____ Working data

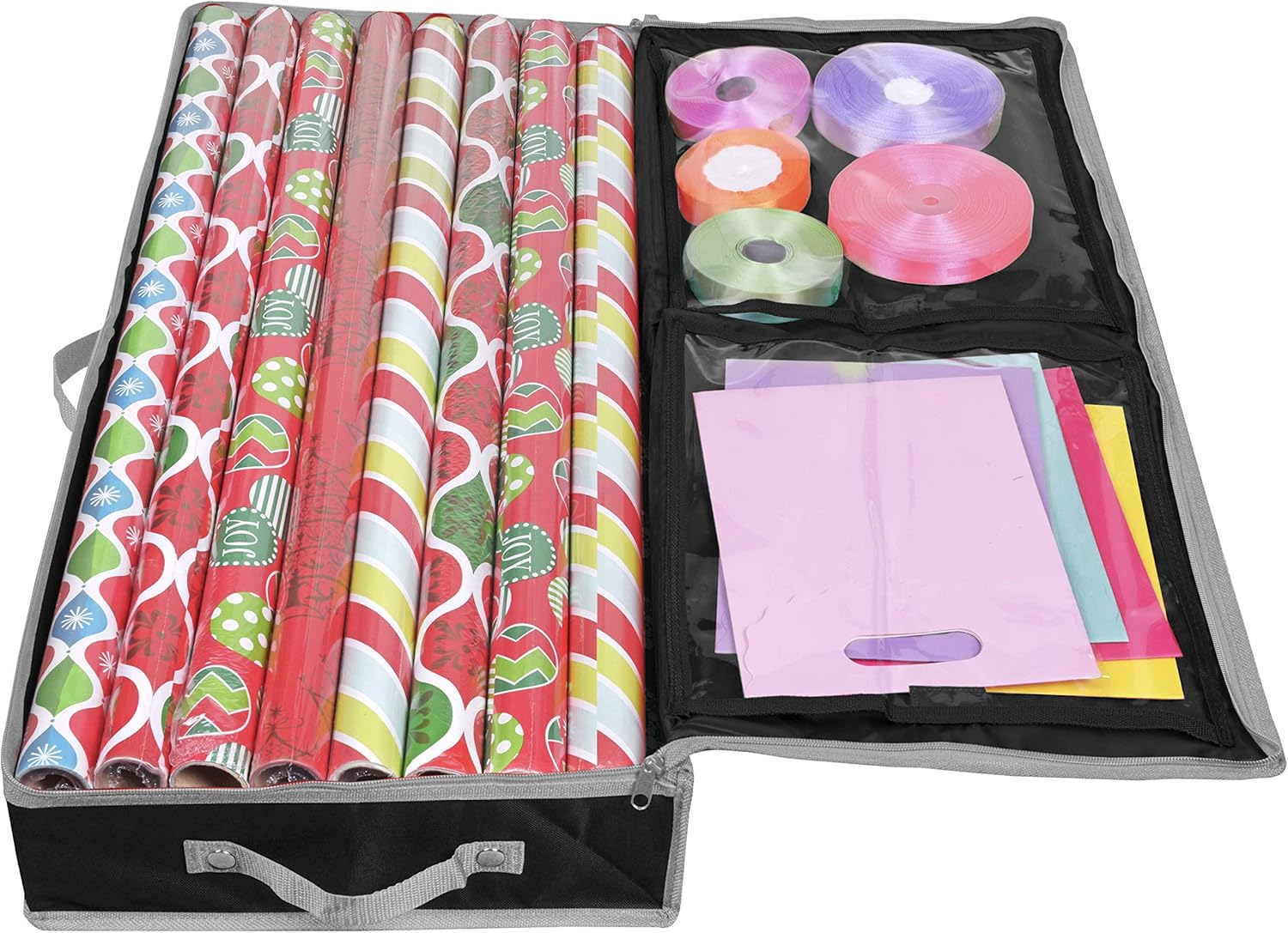 Primode Storage Organizer for 30 Inch Wrapping Paper, Gift Wrap, Ribbon and Bows, 31”x 13.5”x 4.5”, Durable 600D Oxford Material (Black)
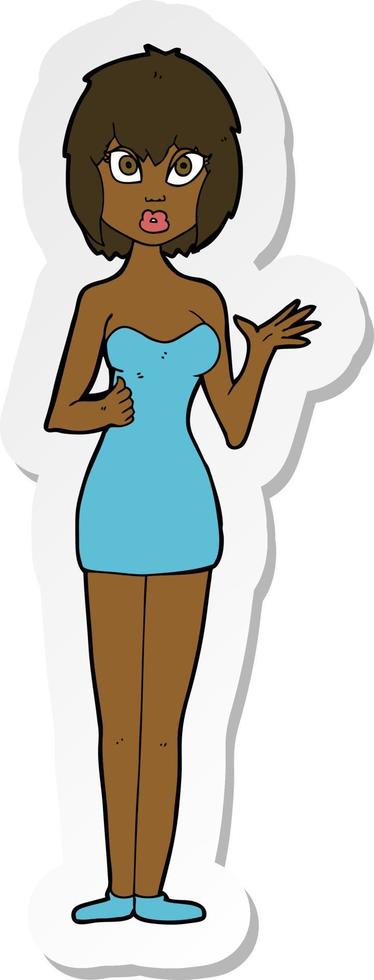 pegatina de una mujer confundida de dibujos animados en vestido de cóctel vector
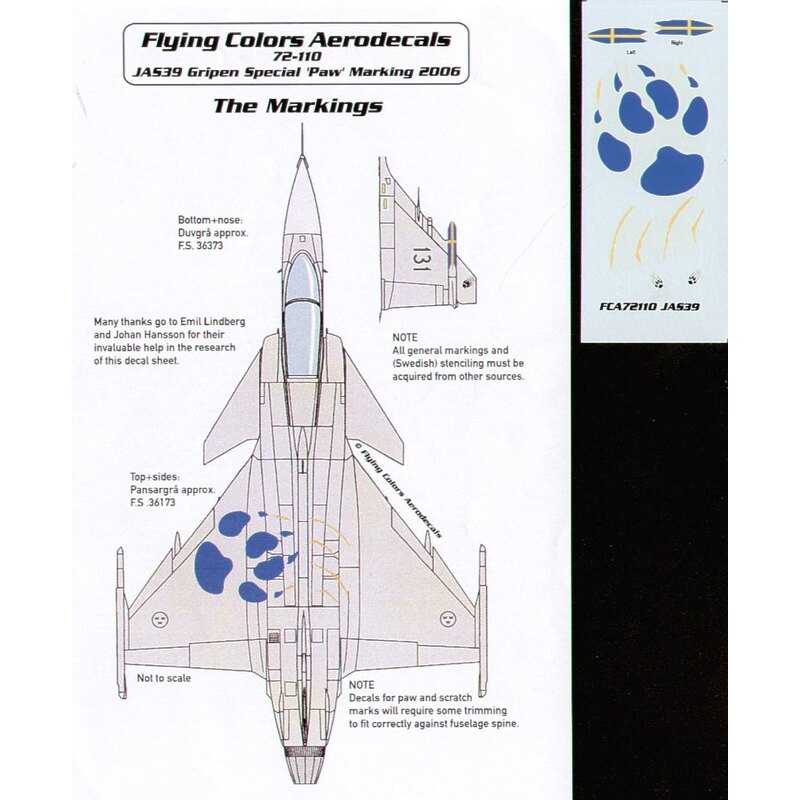 Decalcomania Saab JAS-39 Grippen 39131 Special Cat′s Paw Print zap at Air Show August 2006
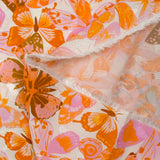 Viscose printed jacquard butterflies lilac and orange white background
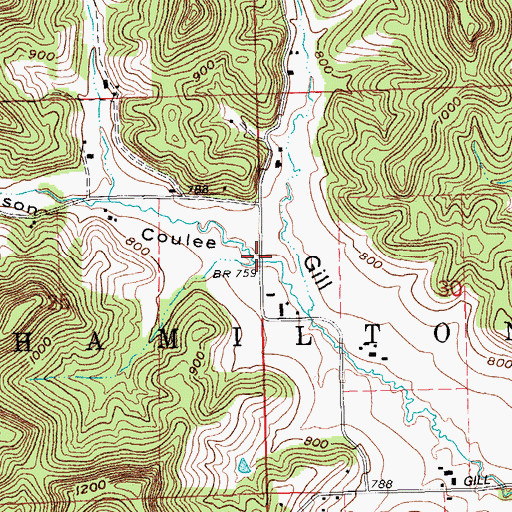 Topographic Map of Knudson Coulee, WI
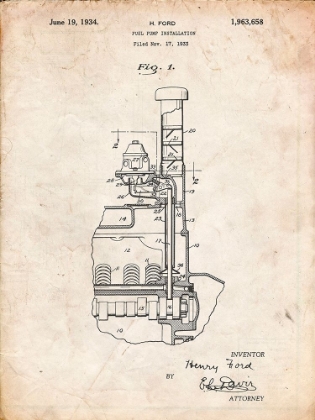 Picture of PP842-VINTAGE PARCHMENT FORD FUEL PUMP 1933 PATENT POSTER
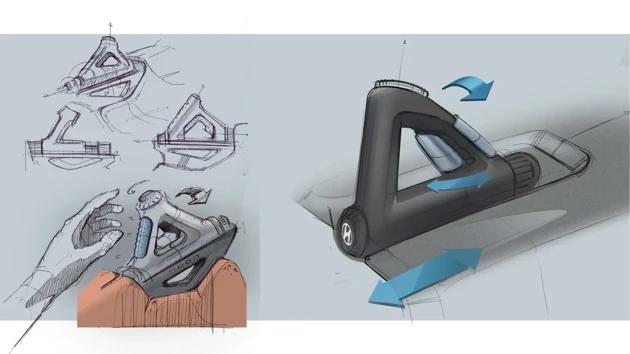 The vehicle is controlled by rotating and sliding movements of the two sidestick left and right of the driver.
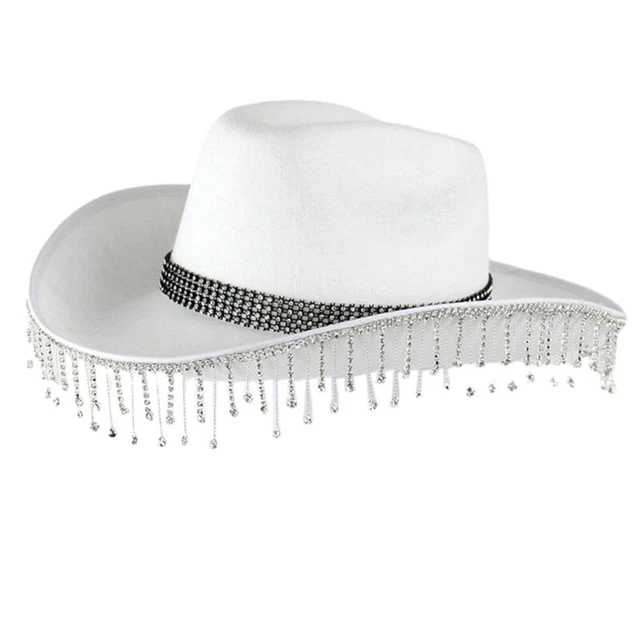TASSELS COWBOY HAT Music Festival Cap Women Photoshoots Flat Top Hat £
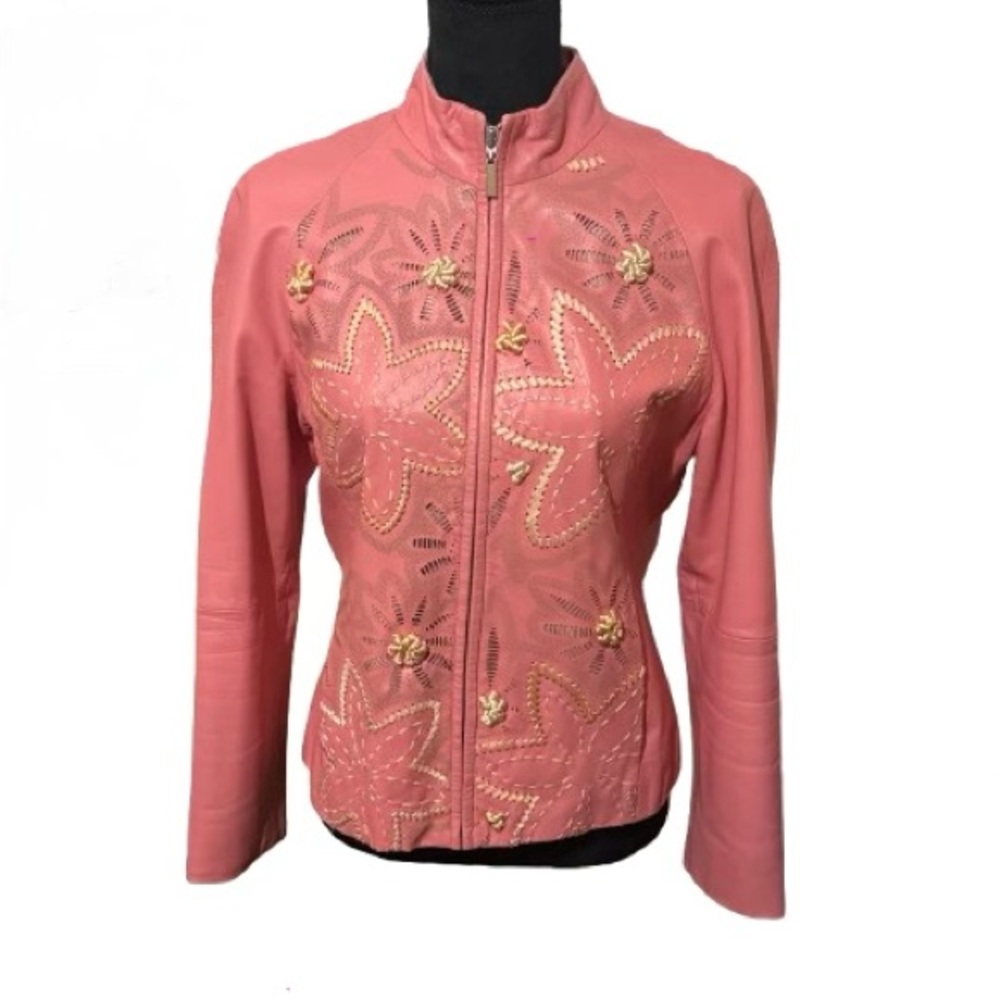 Siena Studio Vintage Barbie  Pink Leather Moto Jacket floral embroidery 
size 6W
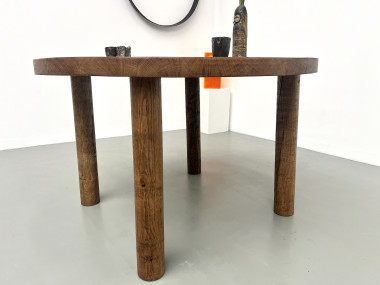 Table de repas circulaire en chêne massif, circa 1950, vue 8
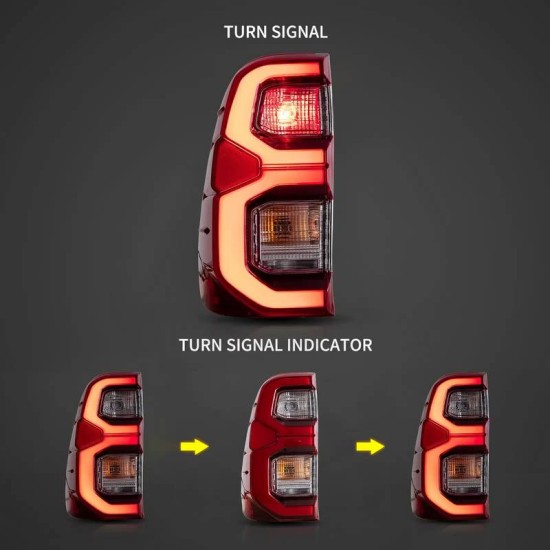 Πισινά Φανάρια Set Για Toyota Hilux Revo 2015-2020 Led Bar Animation Κόκκινο/Clystal VLAND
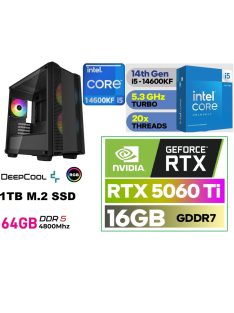   Gamer PC: Intel Core i5 10 magos CPU 14. Generáció!+ Nvidia RTX 5060Ti 16GB VGA+ 64GB DDR5 RAM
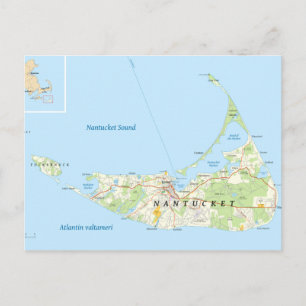 Cartão Postal Cartão-postal de Mapa Nantucket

________

_Assignment_: Transcribe all the lines above exactly; any image among them is skipped.

_Result of the exercise_:
 Primode Storage Organizer for 30 Inch Wrapping Paper, Gift Wrap, Ribbon and Bows, 31”x 13.5”x 4.5”, Durable 600D Oxford Material (Black)
 pegatina de una mujer confundida de dibujos animados en vestido de cóctel vector
 Decalcomania Saab JAS-39 Grippen 39131 Special Cat′s Paw Print zap at Air Show August 2006
 Viscose printed jacquard butterflies lilac and orange white background
 Topographic Map of Knudson Coulee, WI
 Picture of PP842-VINTAGE PARCHMENT FORD FUEL PUMP 1933 PATENT POSTER
 The vehicle is controlled by rotating and sliding movements of the two sidestick left and right of the driver.
TASSELS COWBOY HAT Music Festival Cap Women Photoshoots Flat Top Hat £
 Siena Studio Vintage Barbie  Pink Leather Moto Jacket floral embroidery 
size 6W
 Table de repas circulaire en chêne massif, circa 1950, vue 8
 Πισινά Φανάρια Set Για Toyota Hilux Revo 2015-2020 Led Bar Animation Κόκκινο/Clystal VLAND
   Gamer PC: Intel Core i5 10 magos CPU 14. Generáció!+ Nvidia RTX 5060Ti 16GB VGA+ 64GB DDR5 RAM
 Cartão Postal Cartão-postal de Mapa Nantucket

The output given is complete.